RECORDS PROVIDED:
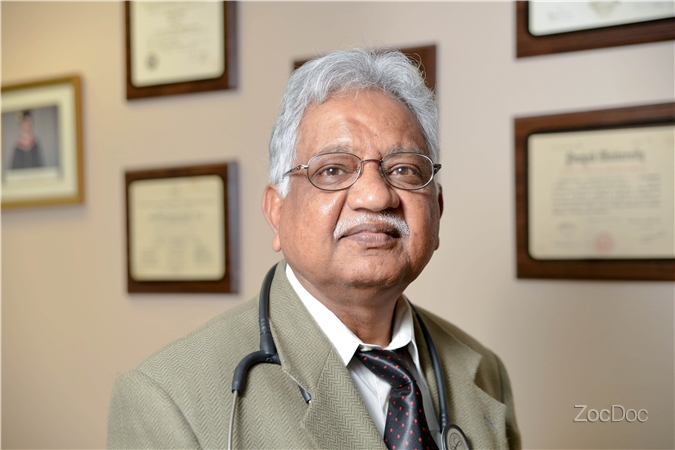 Dr. Kaushal Gupta, MD, FACP
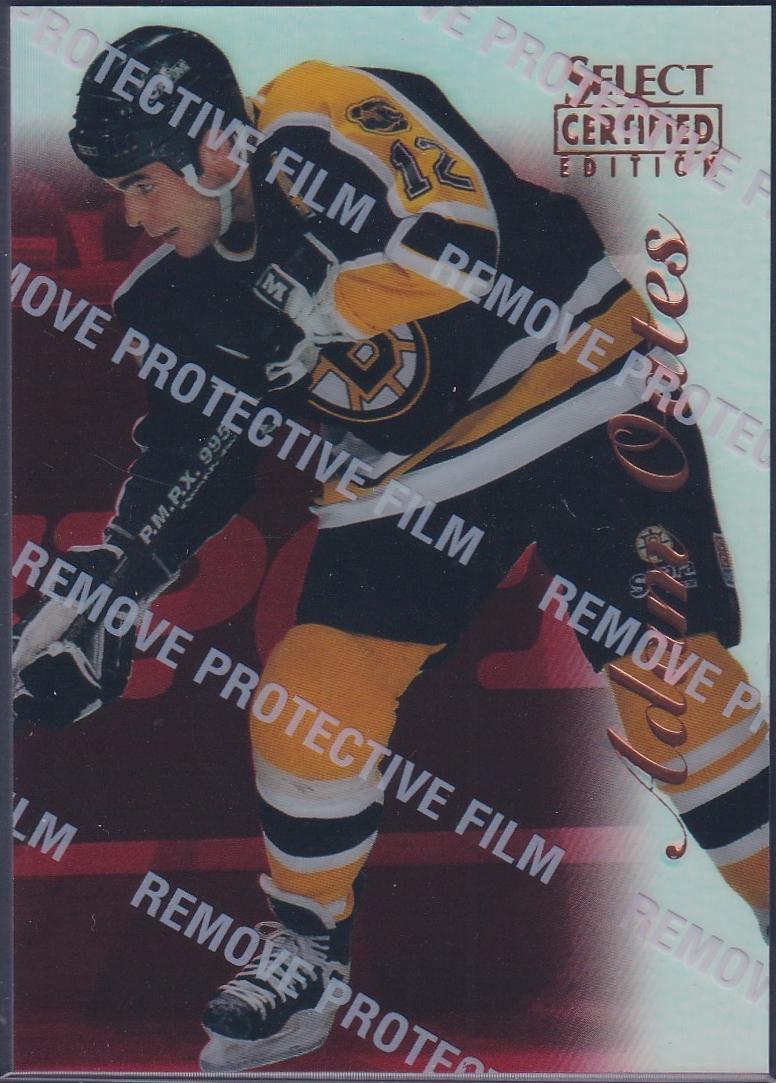 Adam Oates [Mirror Red] #68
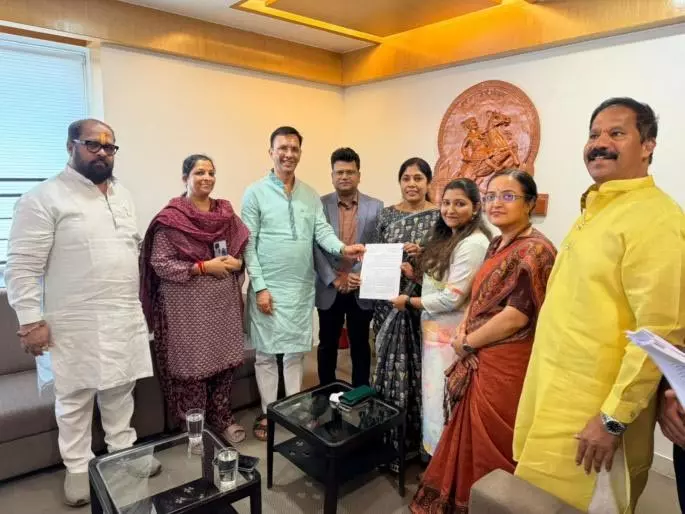 असावरी जगदाले को बड़ी राहत; PMC में मिली नौकरी असावरी जगदाले को बड़ी राहत; PMC में मिली नौकरी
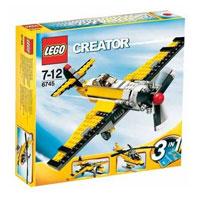 Kliknite za detalje - LEGO® Creator Moć Propelera LE6745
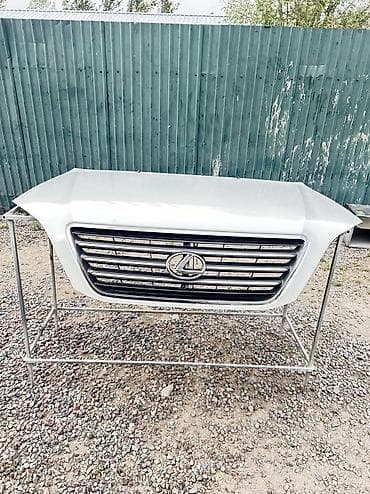 света лента: Капот Lexus, Оригинал — 4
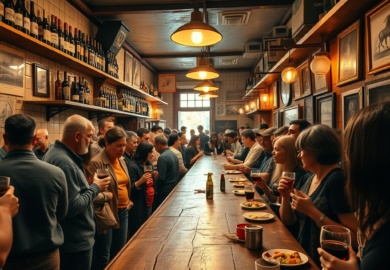 El Alma de Madrid Un Viaje Apasionante por sus Bodegas Centenarias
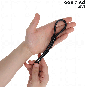 ADDICTED TOYS - CORDE EN SILICONE POUR LE PÉNIS À BOUCLE UNIQUE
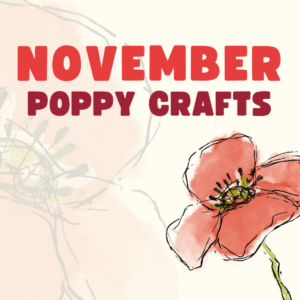 November Poppy Crafts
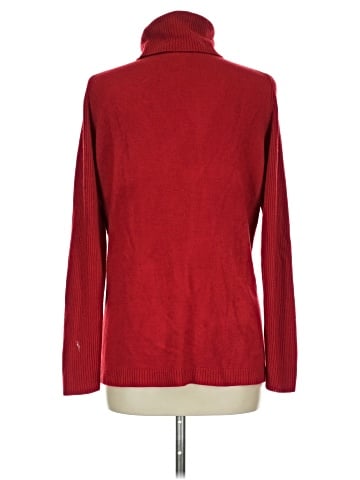 Josephine Chaus Turtleneck Sweater (view 2)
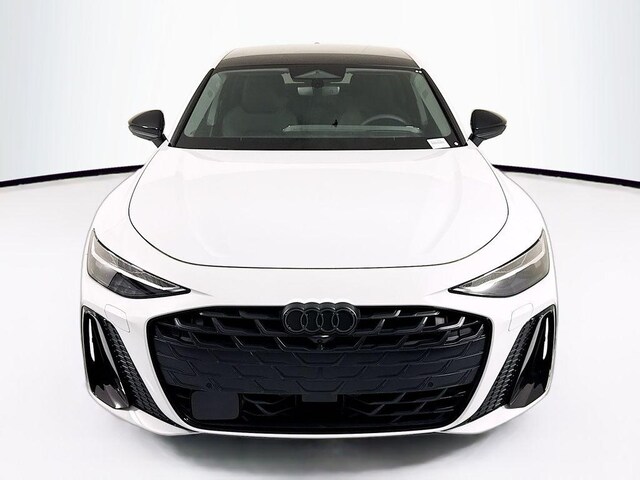 2026 Audi A6 Sedan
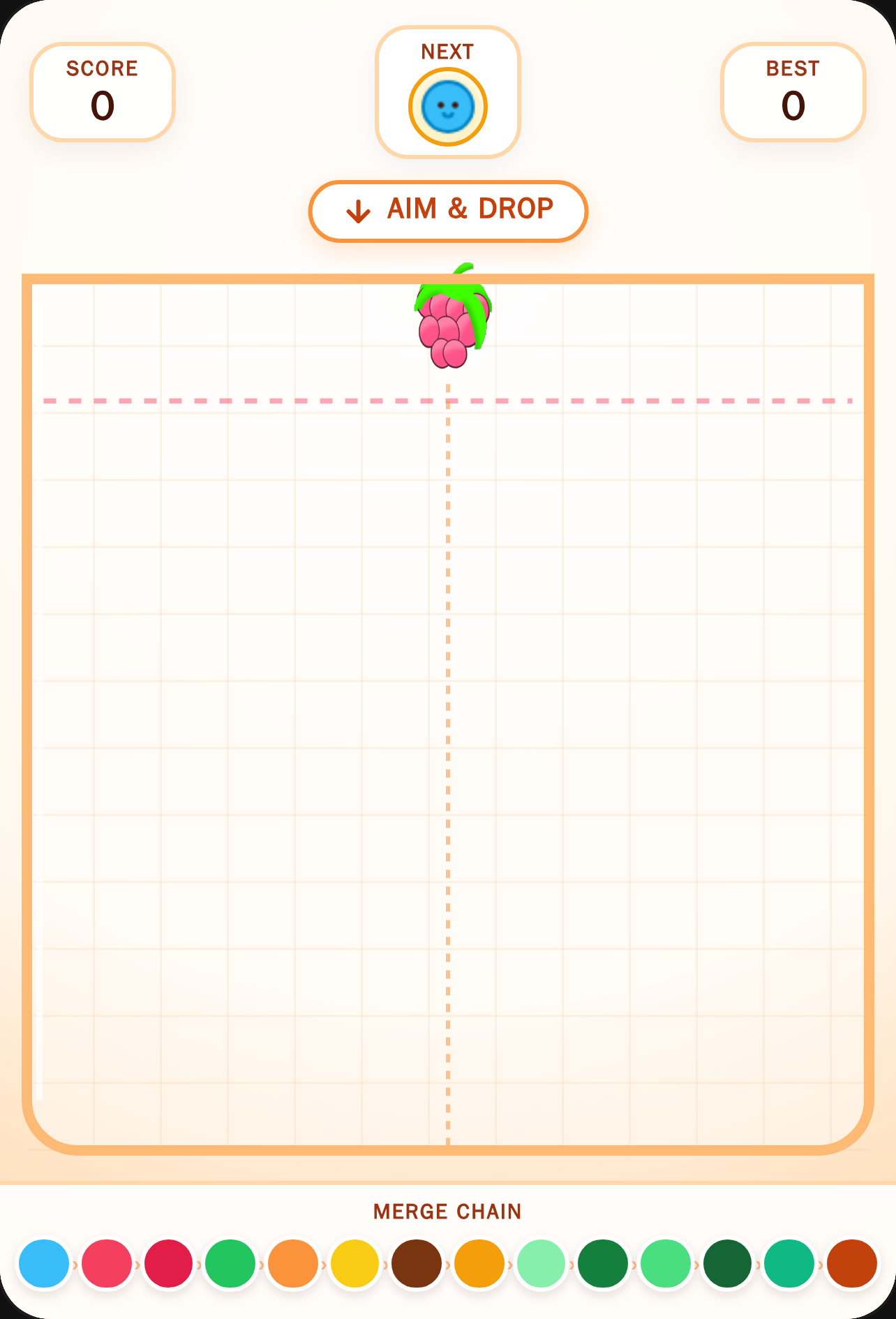 Fruit Drop Machine cover
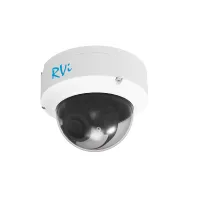 RVi-2NCD5358 (2.8) white: Видеокамера IP купольная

PROBLEM:
Give back the material word for word and drop the pictures it holds.

YOUR SOLUTION:
 Dr. Kaushal Gupta, MD, FACP
 Adam Oates [Mirror Red] #68
 असावरी जगदाले को बड़ी राहत; PMC में मिली नौकरी असावरी जगदाले को बड़ी राहत; PMC में मिली नौकरी
 Kliknite za detalje - LEGO® Creator Moć Propelera LE6745
 света лента: Капот Lexus, Оригинал — 4
 El Alma de Madrid Un Viaje Apasionante por sus Bodegas Centenarias
 ADDICTED TOYS - CORDE EN SILICONE POUR LE PÉNIS À BOUCLE UNIQUE
 November Poppy Crafts
 Josephine Chaus Turtleneck Sweater (view 2)
 2026 Audi A6 Sedan
 Fruit Drop Machine cover
 RVi-2NCD5358 (2.8) white: Видеокамера IP купольная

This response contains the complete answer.